According to physicists, a scenario in which the AMS experiment detects an excess of positrons peaking at a certain energy could indicate a detection of dark matter because while electrons are all around us, only very few processes are known to generate positrons.
Michael Turner, director of the Kavli Institute for Cosmological Physics at the University of Chicago, told AFP: "On the cosmology side we now understand that this mysterious dark matter holds together our galaxy and the rest of the Universe.
"And the tantalizing thing on the cosmology side is that we have an airtight case that the dark matter is made of something new... there is no particle in the Standard Model that can account for dark matter."
Space.com reports he said: "'The smoking gun signature is a rise and then a dramatic fall' in the number of positrons with respect to energy, because the positrons produced by dark matter annihilation would have a very specific energy, depending on the mass of the WIMPs making up dark matter." He said: "That's the key signature that would arise."
Physicists explain that another important signal will be whether the positrons originated from one or from all directions in space. If the positrons were generated by dark matter annihilations they should come from all directions in space. However, if they were generated from some other more familiar process, such as a supernova explosion, they would come from only one direction.
Professor Ting told the BBC: "Dark matter is supposed to be everywhere. So if we see the positrons coming from a particular direction, it means astrophysics like a pulsar (a type of neutron star) is responsible for the signal, not dark matter."
Lisa Randall of the Harvard University pointed out that, "There is a lot of stuff that can mimic dark matter." She said the scientific community is eagerly awaiting the AMS results to assess whether the experiment has detected dark matter.
But even if it turns out after rigorous examination of the results that AMS has not detected dark matter, scientists are full of optimism that the problem of cosmic dark matter will be resolved very soon because there are other ongoing experiments such as the Large Hadron Collider in Switzerland.
Turner said: "We are so excited because we believe we are on the threshold of a major discovery.
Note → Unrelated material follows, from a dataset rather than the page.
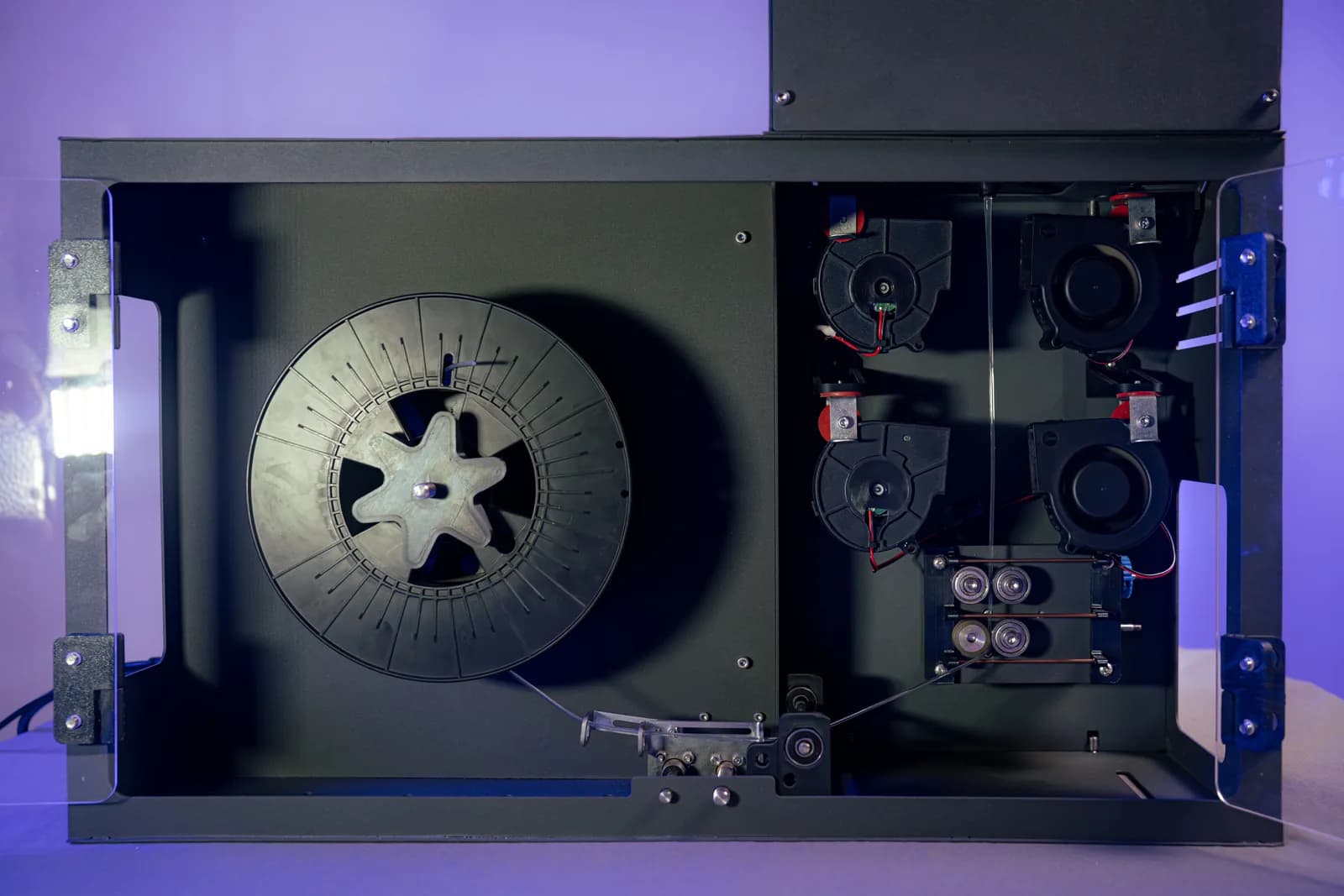 Inside the ASTER-C spooling bay: collet-type spool holder, cooling blowers and the diameter sensing rollers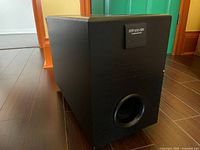 Front view of black Pioneer HTP-100-SW subwoofer showing port and model badge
We believe this will be the decade of the wimp." BBC reports he added: "Theory says that this particle might weigh somewhere between 30, 40 and 300 times what the proton does, so somewhere between 30 and maybe 1,000 GeV. The LHC can produce particles of that mass, Sam Ting's AMS detector can see particles of that mass annihilating, and then the detectors deep underground are also sensitive to particles of this mass. If we get very lucky, if Santa answers our wish-list, we could get a triple signature of the dark matter particle, by seeing the annihilations, by directly detecting it, by producing it at the LHC - all three of these methods are sensitive across the same mass range."
Randall said: "In these experiments the question is when do you have antimatter that could be explained by astrophysical sources, and when do you have something that really could be an indication that you have something new?"